Problem –
Copy nothing but the text: reproduce each line of the listing exactly and leave the pictures out.

Entries supplied –
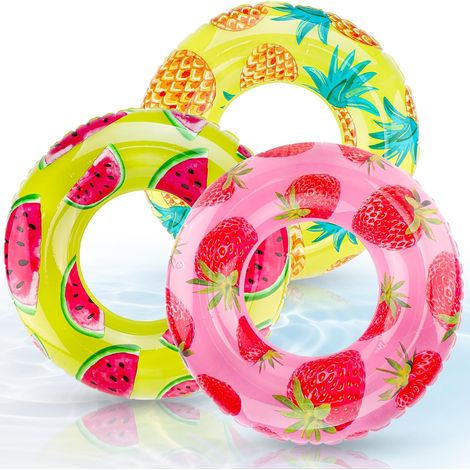 Lot de 3 bouées gonflables pour adultes au design fruit Grandes bouées pour piscine, été, plage et fête, plaisir aquatique avec motif fruits (1/5)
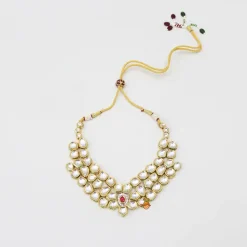 Clearance Elegant Pink And White Stone Studded Necklace With Earrings And Maang Tikka Jewellery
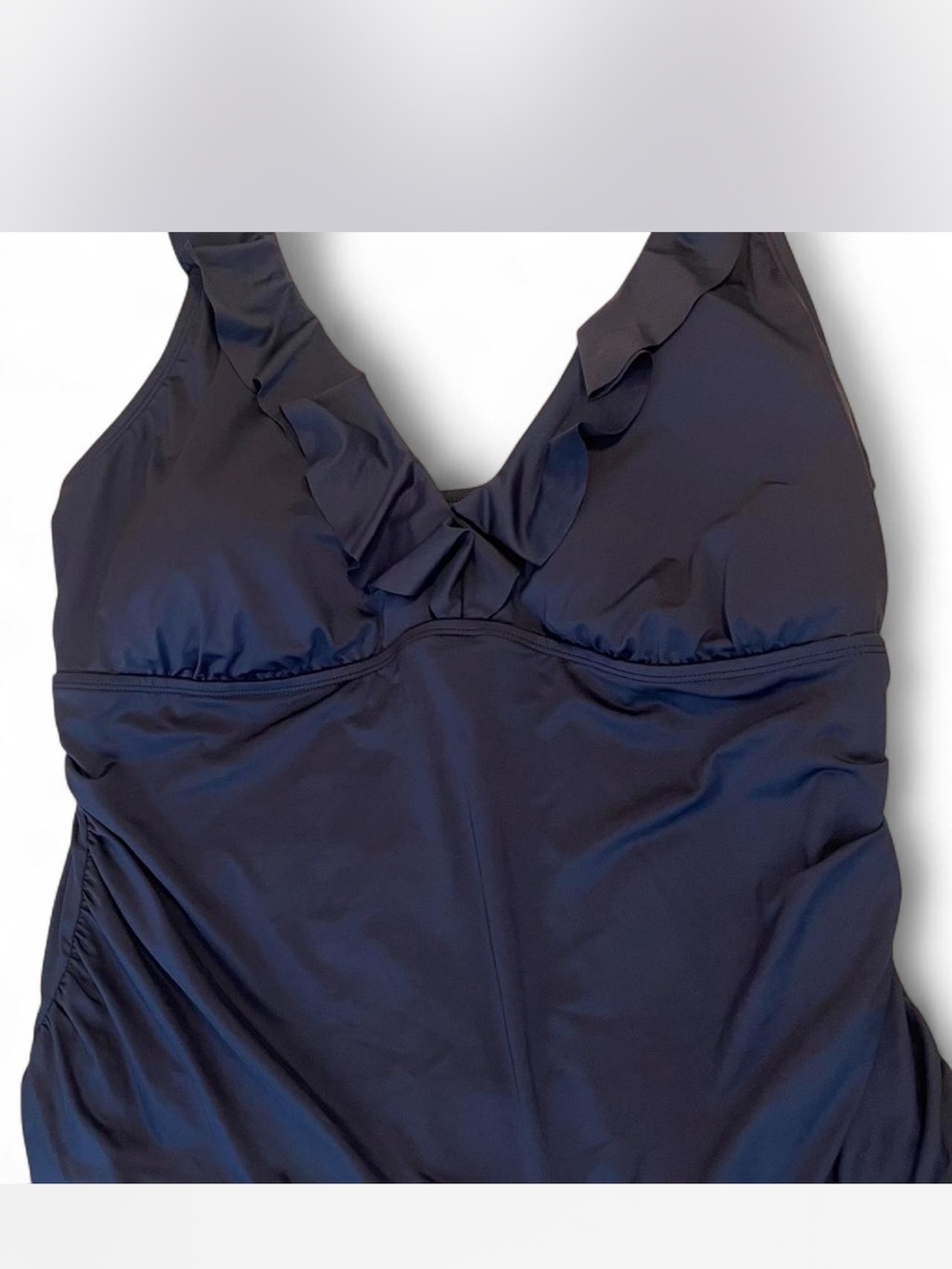 Women’s Ruffle V-Neck Tankini Top - Navy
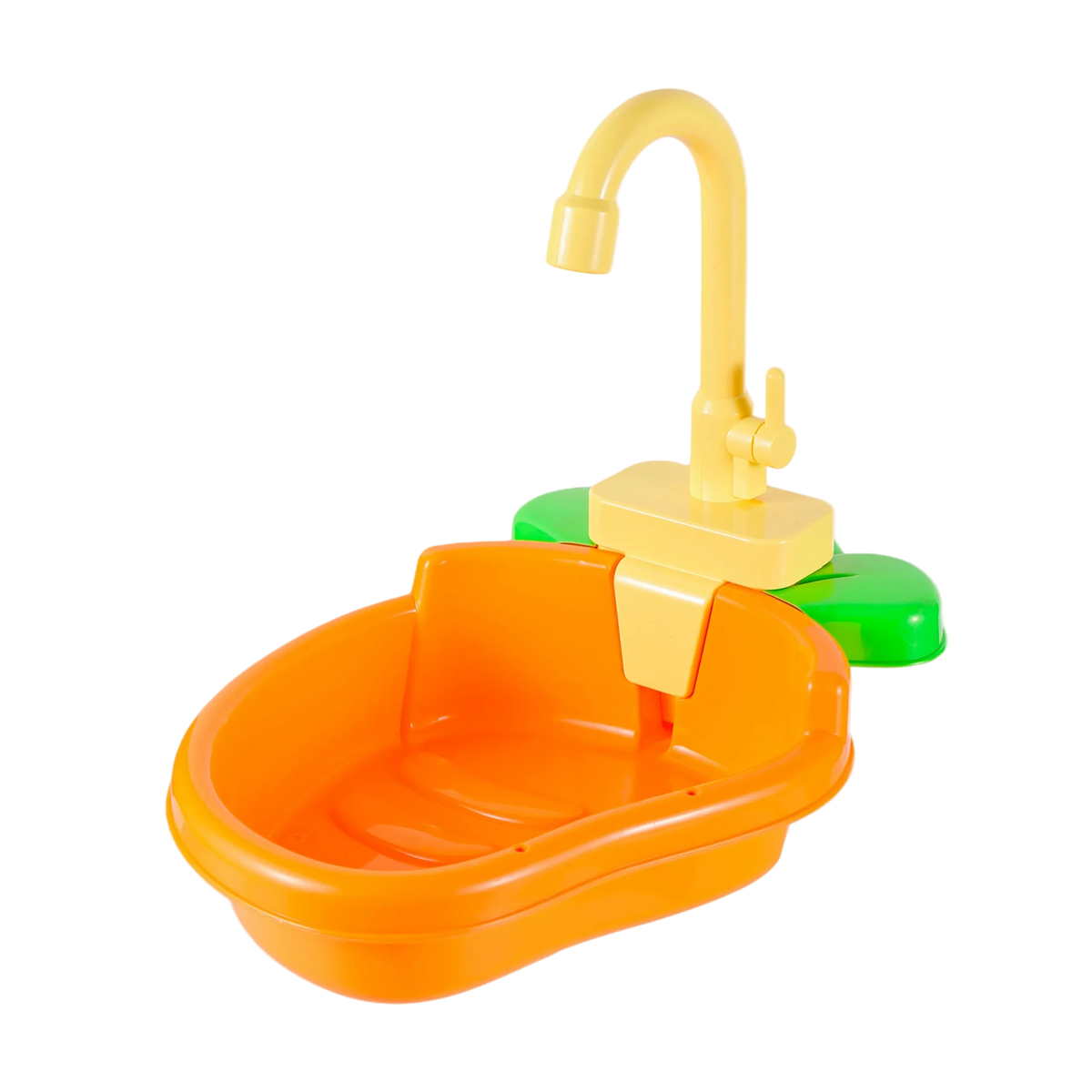 Bañera con grifo automático para loros y periquitos, a pilas, naranja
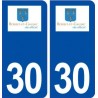 30 Boisset et Gaujac logo ville autocollant plaque immatriculation département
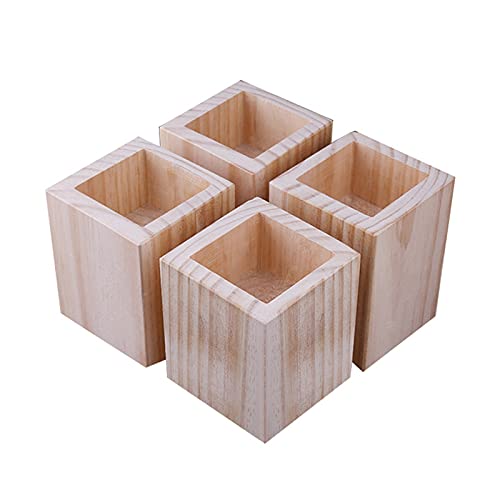 Möbel Risers aus Holz,Möbelerhöher Betterhöhung Tischerhöher, Bed Riser,Quadrat Elefantenbein,für DIY Schreibtischfüße Sofafusse Tischbeine,4 Stück,Holzfarbe (5 * 5 * 10cm) von ZHUOZ1T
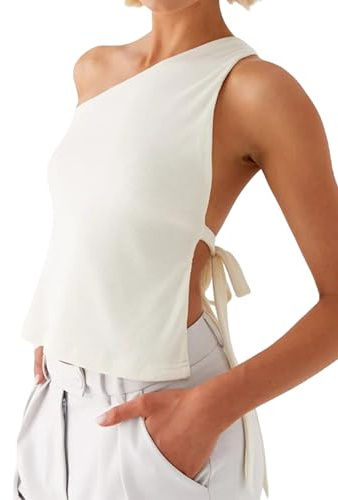 Dsewpaur Women Backless One Shoulder Top Sleeveless Open Side Back Tie Self Tank Tops Summer Casual Going Out Tops White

Answer for the task –
 Lot de 3 bouées gonflables pour adultes au design fruit Grandes bouées pour piscine, été, plage et fête, plaisir aquatique avec motif fruits (1/5)
 Clearance Elegant Pink And White Stone Studded Necklace With Earrings And Maang Tikka Jewellery
 Women’s Ruffle V-Neck Tankini Top - Navy
 Bañera con grifo automático para loros y periquitos, a pilas, naranja
 30 Boisset et Gaujac logo ville autocollant plaque immatriculation département
 Möbel Risers aus Holz,Möbelerhöher Betterhöhung Tischerhöher, Bed Riser,Quadrat Elefantenbein,für DIY Schreibtischfüße Sofafusse Tischbeine,4 Stück,Holzfarbe (5 * 5 * 10cm) von ZHUOZ1T
 Dsewpaur Women Backless One Shoulder Top Sleeveless Open Side Back Tie Self Tank Tops Summer Casual Going Out Tops White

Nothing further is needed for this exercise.